So overall I think I'd enjoy linework, I'd like the outdoor work and don't mind the conditions, but I'm a little concerned I'd get bored with it as it's less mental than wireman? Currently I'm thinking just take whichever I get(guessing it would be wireman), but then also thinking if I wanted to ever do lineman need to do it now when I'm young so maybe focus on that?

I know it's ultimately something I'll have to decide, thanks for any input everyone.


----------



## splatz

277boy said:


> Anyways, I'm 21, ... it seems the main argument against linework is the weather and being away from family. I *don't really see myself having a family* and I'm pretty tolerant of rough weather. Because of that I don't see those aspects being much of an issue for me.


The former often changes in the near future, the latter in the distant future. People your age have trouble picturing that, but take other people's word for it. 



> So overall I think..., but then also thinking ...so maybe ...


Life is a backwards teacher: it asks you the questions first, then teaches you after. 

Your advantage with this one: all you lose if you decide to change your answer is a little time, and at your age, you can afford a little time. 

A lot of times when a decision is difficult it's because you have two good options. If that is the case, it doesn't matter so much which way you go, matters more that you make up your mind sooner than later. 

I wish you way more than luck.


----------



## 277boy

Thank you for the input and good wishes, I think I'll likely do as I mentioned and take whichever oportunity presents first.


----------



## Semi-Ret Electrician

Bird dog said:


> Getting a degree these days doesn't guarantee you a job. Where do your strengths lye? What did you do in the Navy? Don't get into debt you can't get out of for a "degree".


I tend to agree with you but would run the question by a cab driver or two, most of them are college graduates


----------



## MechanicalDVR

Semi-Ret Electrician said:


> I tend to agree with you but would run the question by a cab driver or two, *most of them are college graduates*


This is something I was just watching on a tv talk program.

Seems a large objection to the muslim immigration delay is that companies in Silicon Valley say they need to hire from outside the US to get engineers.

My question is with so many engineers doing menial jobs right now how is it their degree isn't good enough? How is it that engineers from 3rd world countries are so much better qualified when they don't have the modern devices on the scale as we do here?

Are they looking for guys coming off nuclear warhead R&D or what?


----------



## Byte

Localchevyguy88 said:


> So I am at a crossroad. My buddy back home is a union guy and he is a lineman and I want to become an electrician. I am super nervous because i am 28, just got out of the Navy and i don't have a college degree. I want to make sure that I am choosing the right career path or if I should just go to college. I need some advice guys for real help me. Any info, professional advice or man to man advice is appreciated! Thanks you guys.


Linemen work on hot wires (usually) and electricians don't (usually)


----------



## Corysan

It's a good choice either way. What are you like? Do you prefer the outdoors to a damp or dusty building? Are you particularly careful about being safe? All electrical workers need to keep safety as a priority, but mistakes as a lineman can be seriously unforgiving.
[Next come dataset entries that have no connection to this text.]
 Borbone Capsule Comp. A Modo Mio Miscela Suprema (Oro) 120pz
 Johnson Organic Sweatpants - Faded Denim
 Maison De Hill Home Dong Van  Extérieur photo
I'm an inside wireman. Electrician in English. My career path would have included more engineering education early on because of the pay back. I think electrician wins it for me because of versatility. Construction drops off, find work in a factory. Good at high voltage- work for a testing contractor. Good at controls- specialize in that. Great with the code- be an inspector. Good at business- be a contractor. The list is actually very long. I'm sure linemen have some flexibility, but I don't think it is as considerable as an electrician.


----------



## MikeFL

A guy I know was in the Army and is right now doing his 3rd year of college on the GI bill. He works a few nights per week as a bartender. He is loving life. I strongly suggest you consider college.


----------



## 99cents

I spoke to a linesman last week with both licenses. He said there's no chance he would ever go back. He has a secure job, good pay and benefits and he's home every night. Sure, there's the weather to put up with but we as electricians have no guarantee of an inside job when it's cold.

The only downside might be night crew. That would suck.


----------



## Byte

I have seen linemen if Florida summertime. Lots of lightning, wind, and hail. They are working in buckets. WTF is that?


----------



## MechanicalDVR

Byte said:


> I have seen linemen if Florida summertime. Lots of lightning, wind, and hail. They are working in buckets. WTF is that?


A chore to some,

A task to some,

An adventure you get paid for to the hardy!
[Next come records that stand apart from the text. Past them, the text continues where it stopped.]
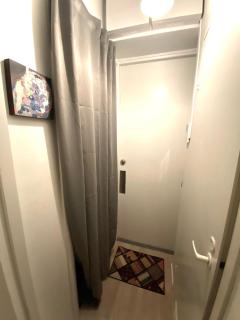 Home in the historic building Punavuori - 2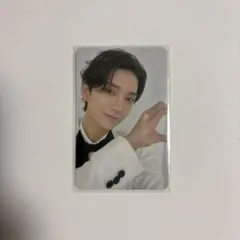 SEVENTEEN FML ジョシュア トレカ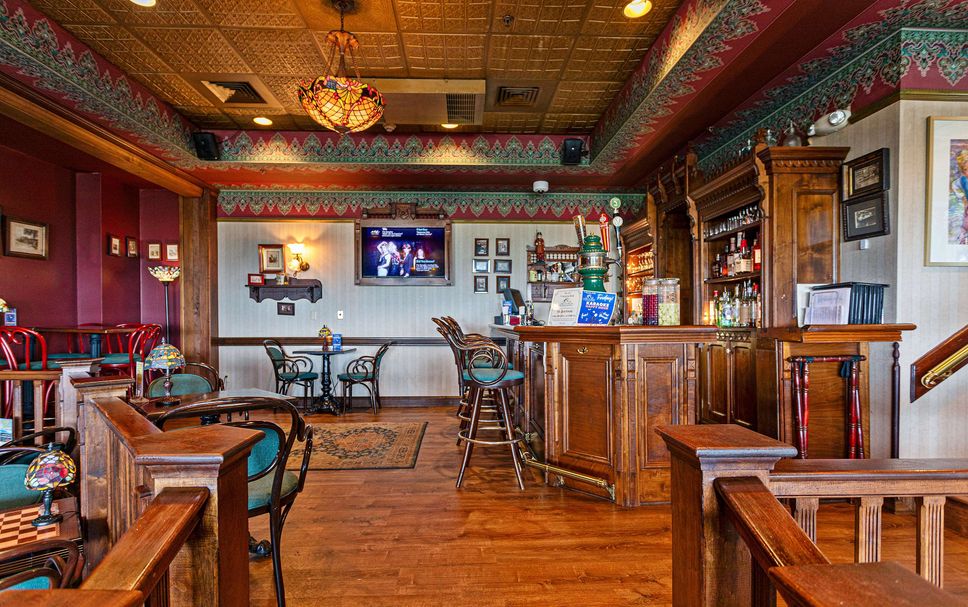 Bar Photo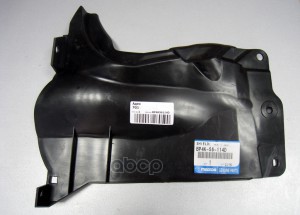 Защита Двигателя MAZDA арт. BP4K56114D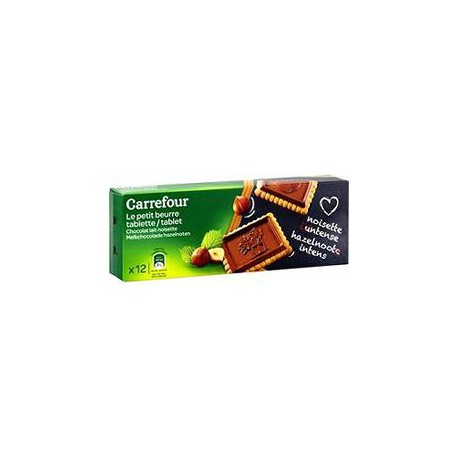 150G Pb Tab Choc Lt Noiset.Crf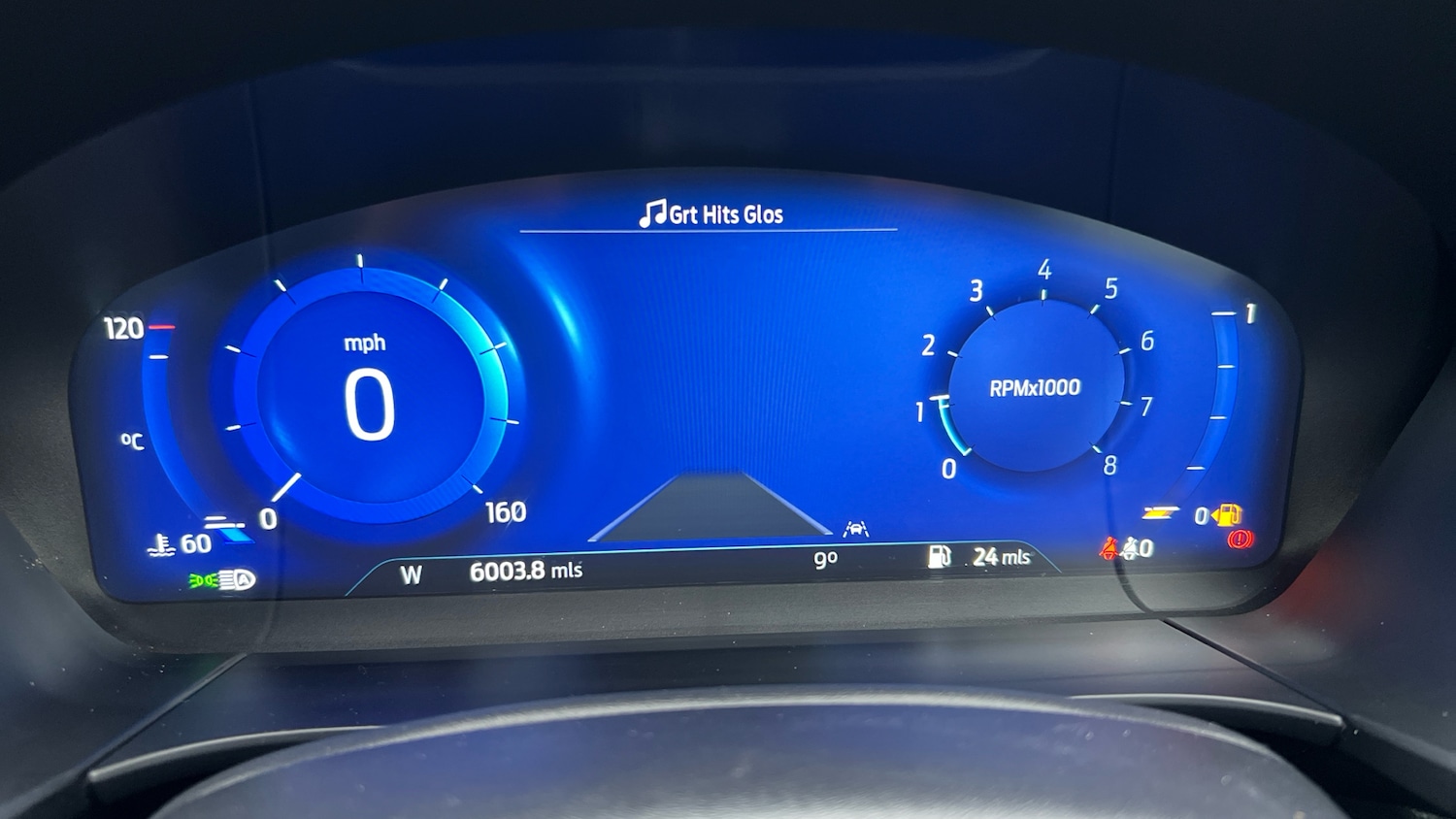 Used Ford Kuga 2023 for sale - 77531773: Photo 18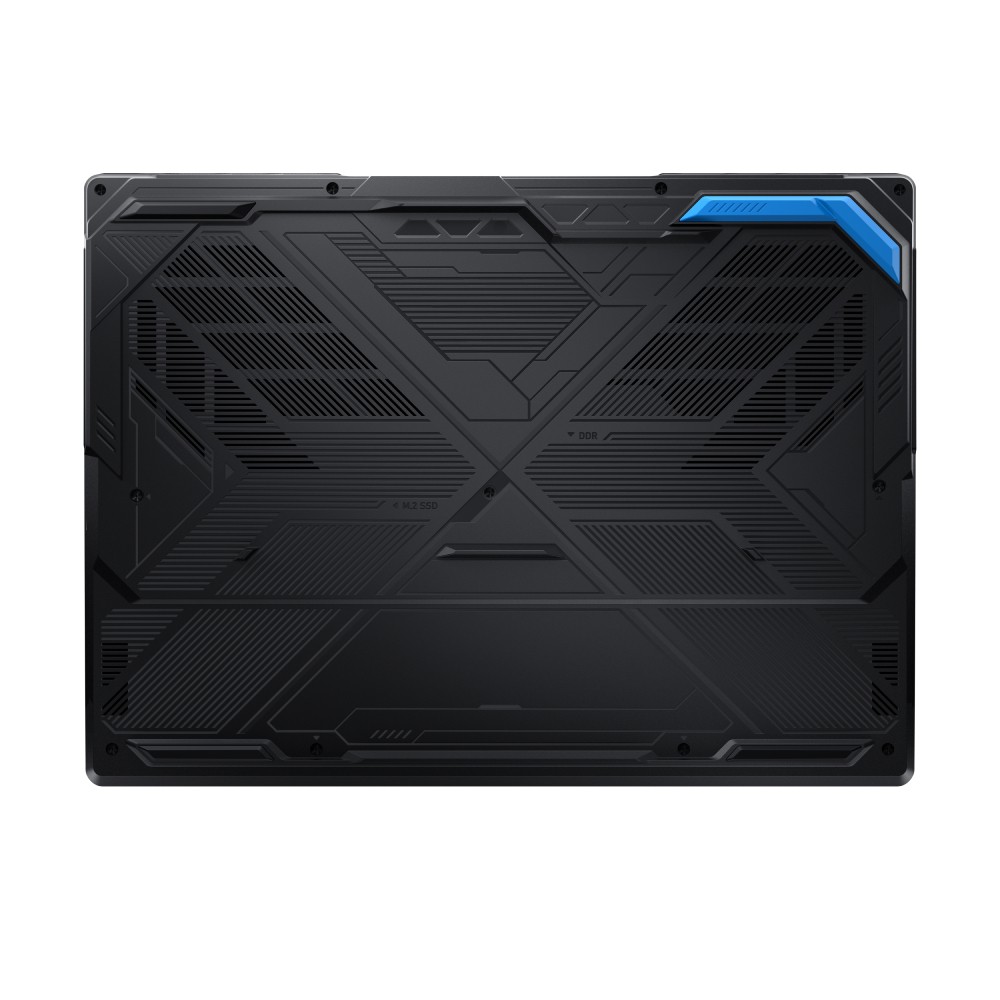 โน๊ตบุ๊ค MSI Crosshair 16 HX E14WGK-064TH Black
*The calmness of normal life is really monotony disguised as security. *


----------



## lightman

I've done both. My Dad was an electrician and I got my Journeyman's license when I was about 20. I quickly learned that I did not like my income being tied to the ups and downs of the economy and went to work for an electric utility. I was a Journeyman Lineman for 35 years, and a Serviceman (think troubleshooter) for the last 26 years. I've done most of the things that Going Commando and Glock23 mentioned. I've been 30 feet up ice covered leaning poles and 230ft up towers. I was in the bucket the night that Rita blew through and the wind was so strong that my boom would not rotate against it! I've missed so many family events and holidays that you can't count them. It takes a strong marriage to last through a career in linework.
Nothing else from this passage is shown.